**PROBLEM TO SOLVE:**
Begin the copy at the line containing "A person with" in the data below and end it at the line containing "出口欧洲的普洱茶企业有哪些", keeping each line exact and leaving out pictures.
DATASET: Begin
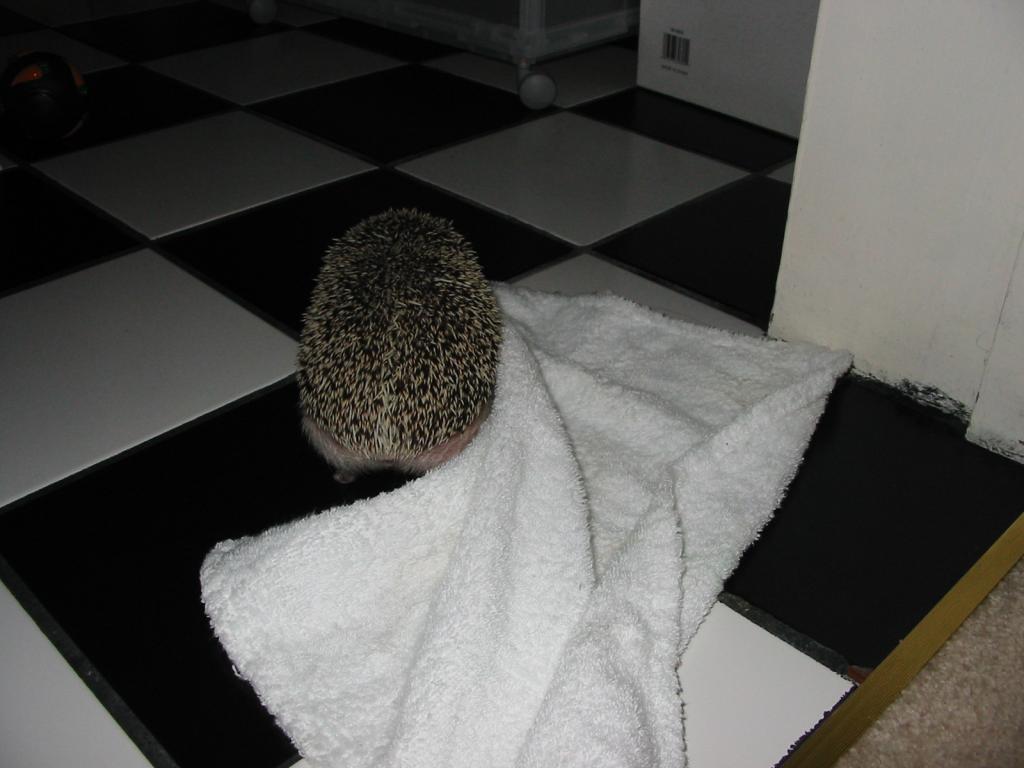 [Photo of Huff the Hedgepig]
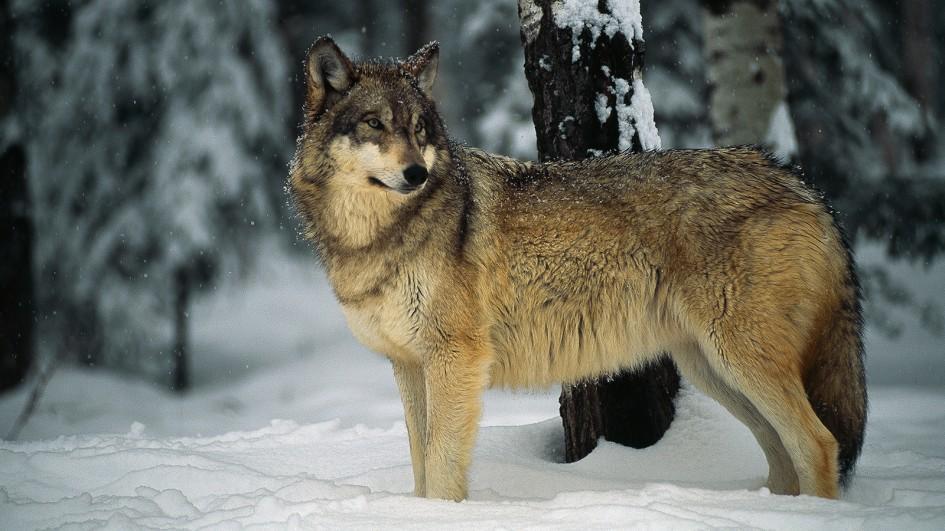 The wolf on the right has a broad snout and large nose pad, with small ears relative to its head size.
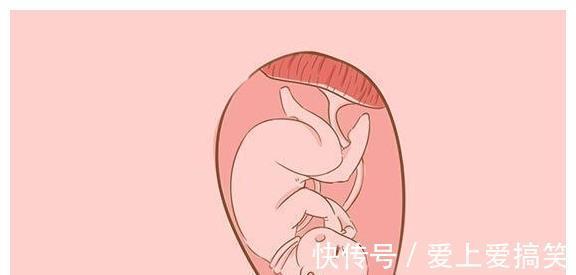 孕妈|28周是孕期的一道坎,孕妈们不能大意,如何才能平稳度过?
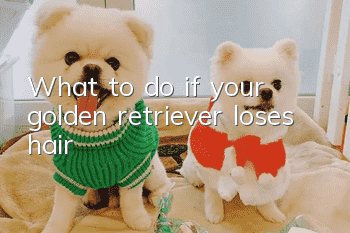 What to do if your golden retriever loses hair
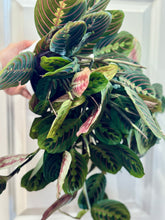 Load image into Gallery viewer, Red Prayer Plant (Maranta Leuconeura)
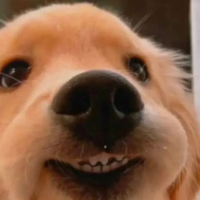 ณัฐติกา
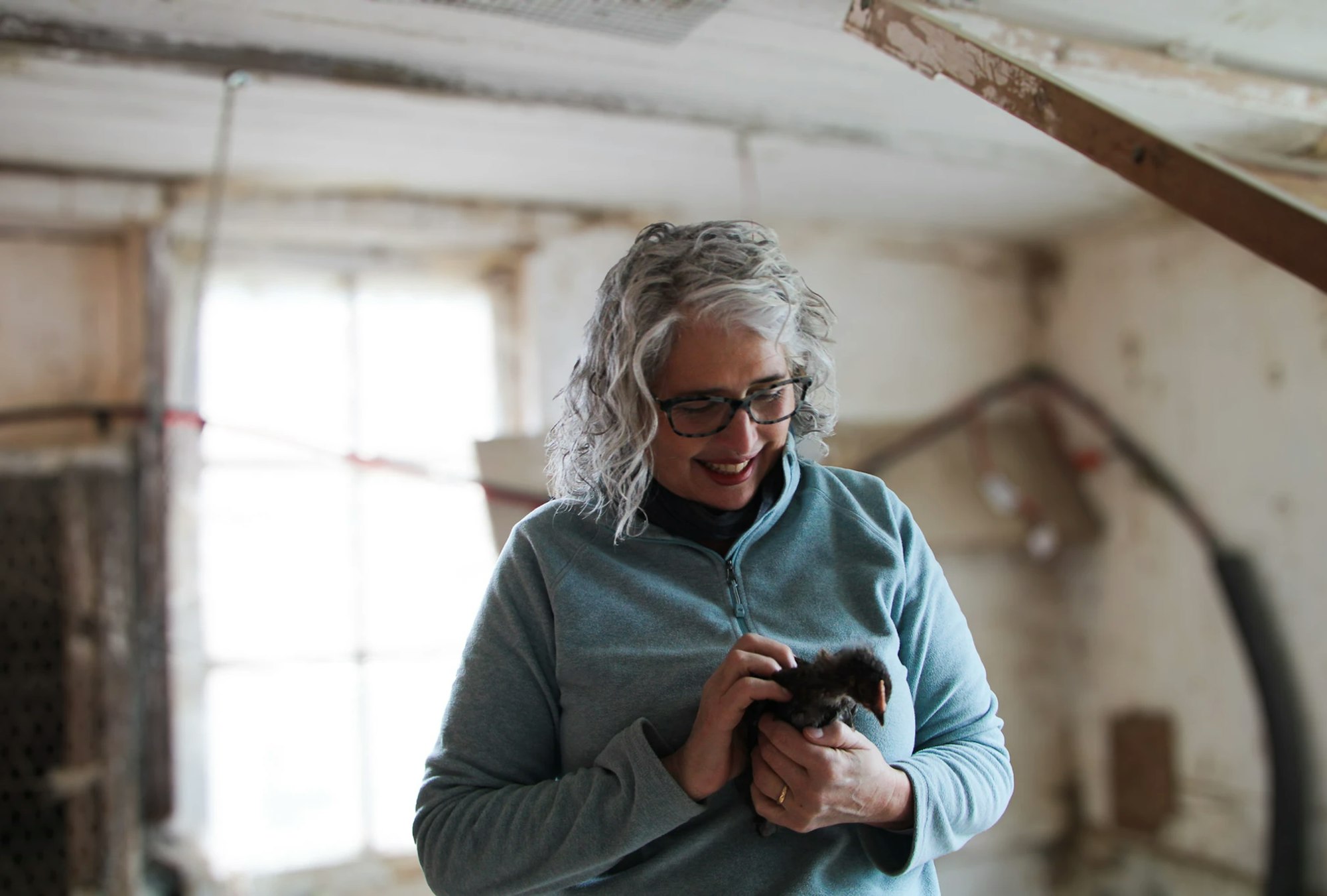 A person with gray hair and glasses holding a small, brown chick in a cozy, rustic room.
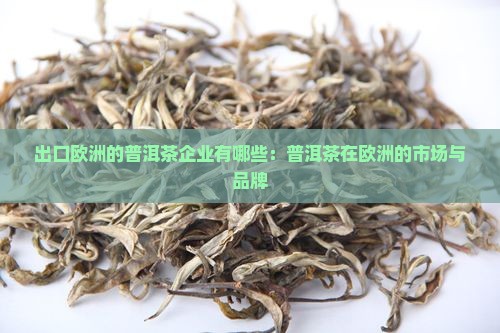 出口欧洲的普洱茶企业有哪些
DATASET: End
DATASET: Begin
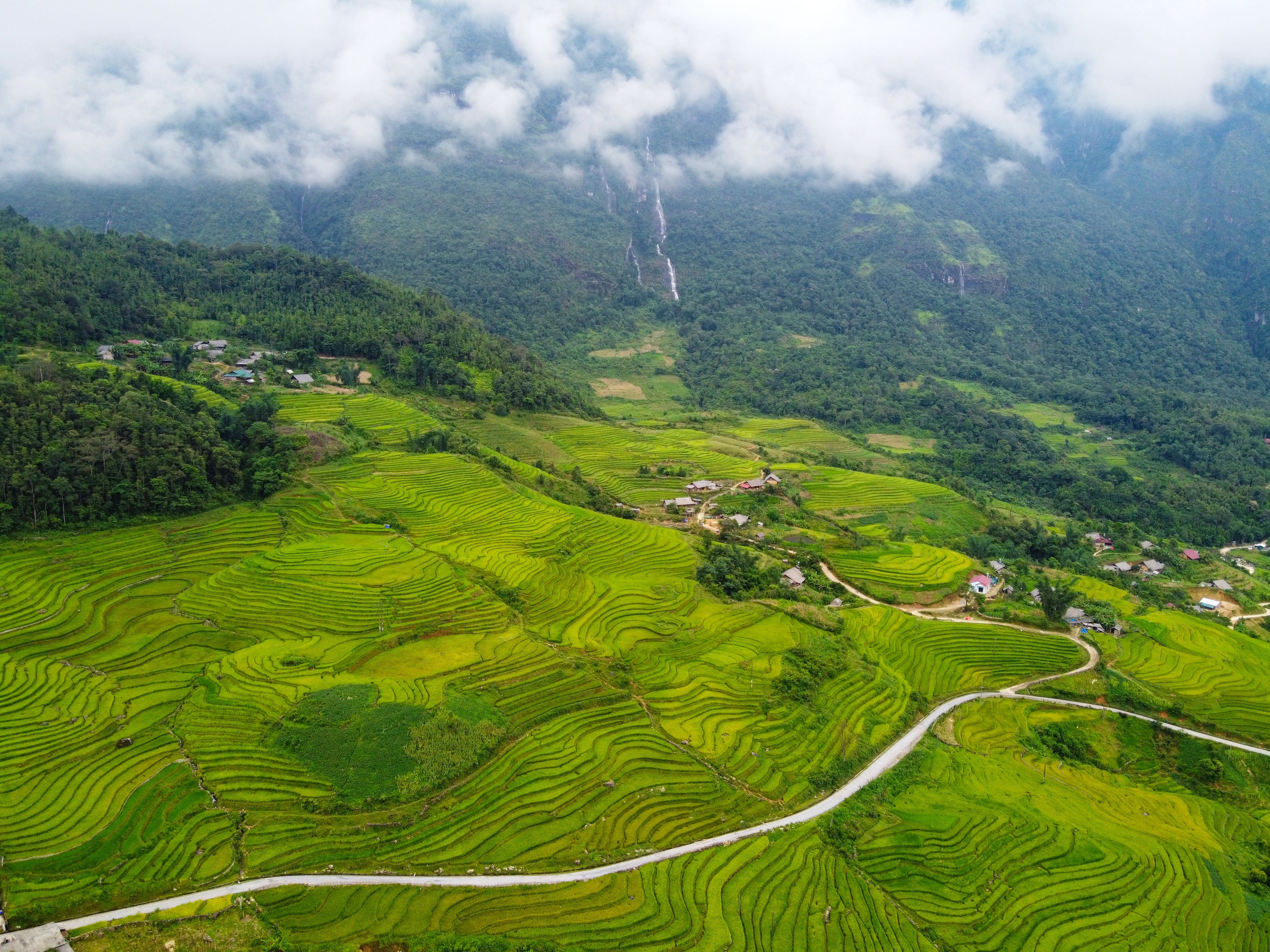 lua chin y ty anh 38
DATASET: End
**EXERCISE RESPONSE:**
 A person with gray hair and glasses holding a small, brown chick in a cozy, rustic room.
 出口欧洲的普洱茶企业有哪些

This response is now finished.